- Born: Mumbai, India
- Occupations: Actress, Model
- Years active: 2012—2019

= Nanditha Raj =

Indian actress

Nandita Raj is an Indian actress. She made her debut in the Telugu film industry with the film Neeku Naaku Dash Dash, directed by Teja. She rose to prominence with the success of her second film Prema Katha Chitram, which earned her a Filmfare Award for Best Actress nomination.

== Personal life ==

Nanditha was born in Mumbai and raised in Delhi. Her father, Colonel Raj Kumar, is an army officer. He is from Hyderabad, while her mother, a legal advisor, is from Visakhapatnam. Nanditha can speak English, Hindi and Telugu. She studied in various army schools, including Army Public School (R.K. Puram), graduated with a B.Com. degree from St. Francis College, Hyderabad. And did her MBA through distance-learning from symbiosis, Pune.

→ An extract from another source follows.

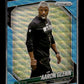 2025 Panini Prizm Aaron Glenn #47 Blue Wave #/230 New York Jets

After winning a beauty contest she started her acting career. Though she didn't plan her career in entertainment industry it was her mother who encouraged her to take up modeling as a career.

She is currently working as Creative lead at Olter Maharashtra

== Career ==

Nanditha started her film career with Neeku Naaku Dash Dash under the direction of Teja in 2012. She was reportedly selected for the role from a statewide hunt where she beat around 70,000 other aspirants. Her second film Prema Katha Chitram, with Sudheer Babu as her co-star, released on 7 June 2013. She played a hotel management student in the film, who is a big fan of a renowned dancer (Sudheer Babu). 123telugu.com wrote "Nandhita is the real star of the film. She is simply brilliant. There are certain sequences where she is required to exhibit dramatic changes in behaviour and she has excelled in those scenes". It became a box-office blockbuster. She was next seen in a Malayalam film London Bridge with Prithviraj Sukumaran. She played a Malayali girl in the film who goes to London for a job, and falls in love with the character played by Prithviraj.

== Filmography ==
- All films are in Telugu, Otherwise noted.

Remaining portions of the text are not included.